FAQ


A collection of header-only libraries for C & C++ that are written to be concise and as dependency free as possible.

These libraries use the zlib license. If it prevents you from using the libraries, or a dual licensing scheme would be better, please let me know in the issues!

In Progress



Purpose


Dear reader,

In the modern day, programming has become complex. Too complex for what most of the applications can actually do.

One common theme that one will see mentioned in various topics, like building a rendering engine, or even something as simple as a static website, is The Stack™: A collection of libraries and frameworks for building solutions to problems the right way.

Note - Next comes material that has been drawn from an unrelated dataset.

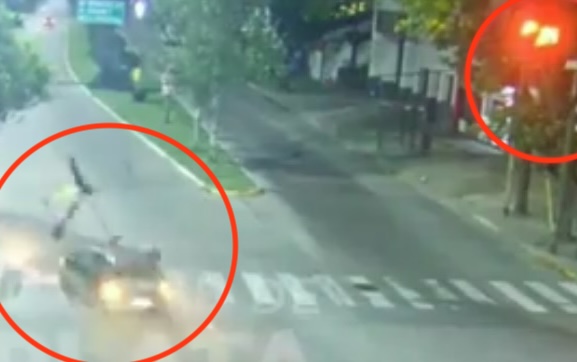 The moment the woman rammed her overspeeding car into the biker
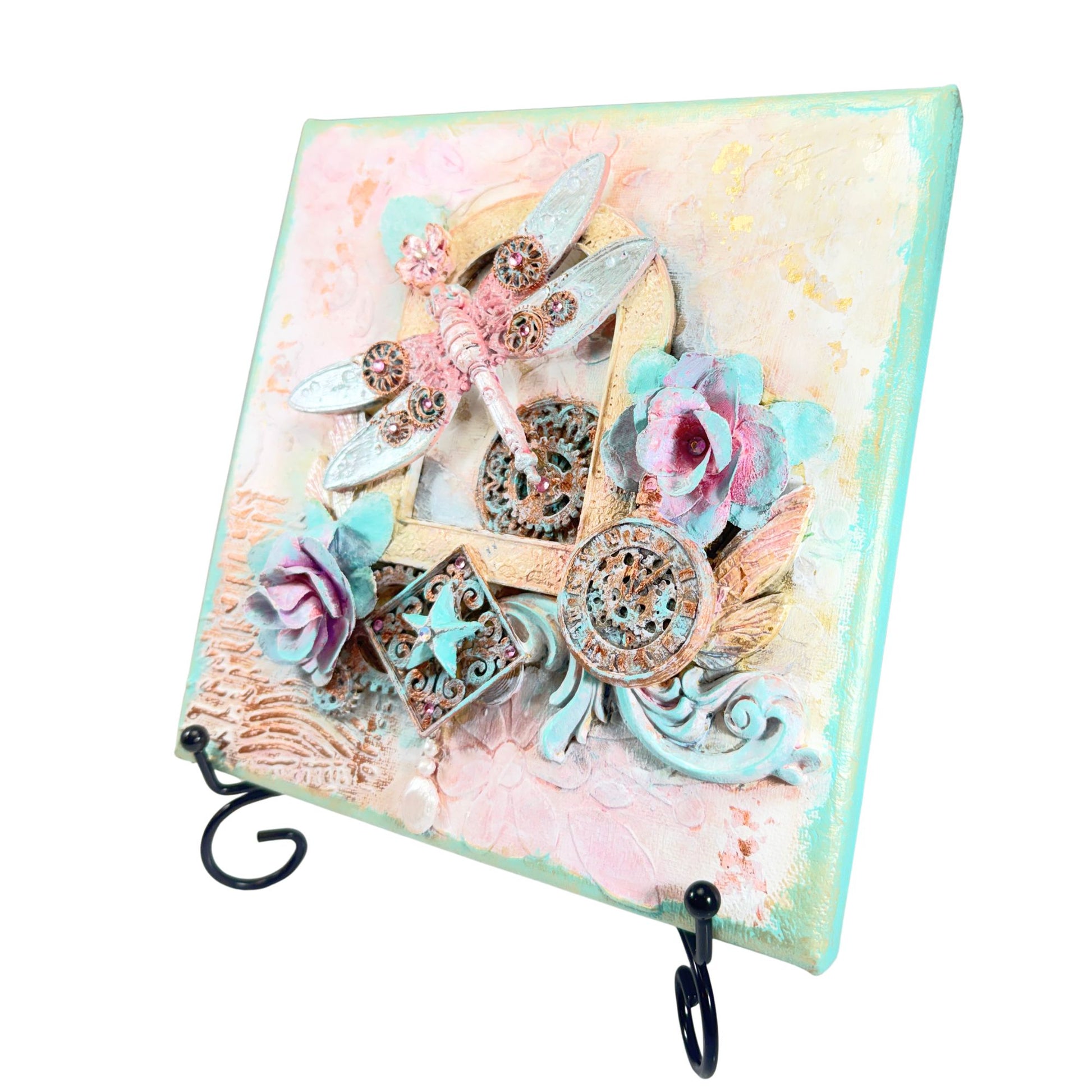 Decorative wall hook with floral and dragonfly design on a pastel background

This is most commonly sourced from an aggregate of opinions, an admiration of complexity, even sheer ego, but it rarely comes from the complexity or expansiveness of the problem itself.

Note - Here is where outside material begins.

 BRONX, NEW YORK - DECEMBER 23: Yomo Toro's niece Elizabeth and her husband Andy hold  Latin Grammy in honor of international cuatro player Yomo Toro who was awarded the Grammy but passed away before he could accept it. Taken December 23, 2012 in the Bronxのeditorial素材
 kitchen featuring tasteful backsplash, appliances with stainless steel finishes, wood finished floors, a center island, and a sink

And partially, it's to be expected; not just because software is affected by business decisions, timelines, and all the various aspects of every-day life - but because it's easy to admire a body of work that appears enormous. We are fascinated and astonished by big buildings and huge imposing sculptures, because that's a signal of dedication and craftsmanship; to some, even divine intervention.

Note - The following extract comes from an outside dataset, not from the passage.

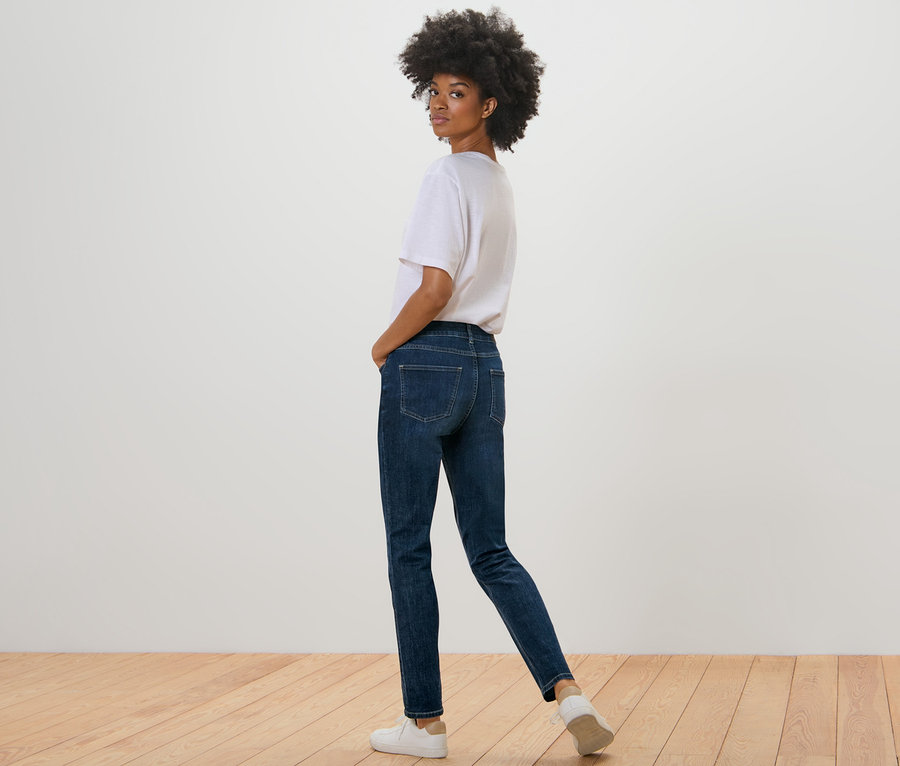 Černoška se dívá přes rameno a pózuje ve tmavě modrých džínách slim-fit »Emma«.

The reality though, at least for software, is that in most situations complicated doesn't mean good. For that matter, small and compact doesn't mean good either. There is few to no material about how to provide solutions to specific problems, taking advantage of each problem's inherent or artificial constraints, and optimizing for the common case. Additionally, the tools that we ourselves have built are becoming increasingly more difficult to use: even a simple web project nowadays has 500 dependencies, and other build tool specific scripts which download libraries off the internet, and end up importing a big complex library that usually introduces more problems than it solves.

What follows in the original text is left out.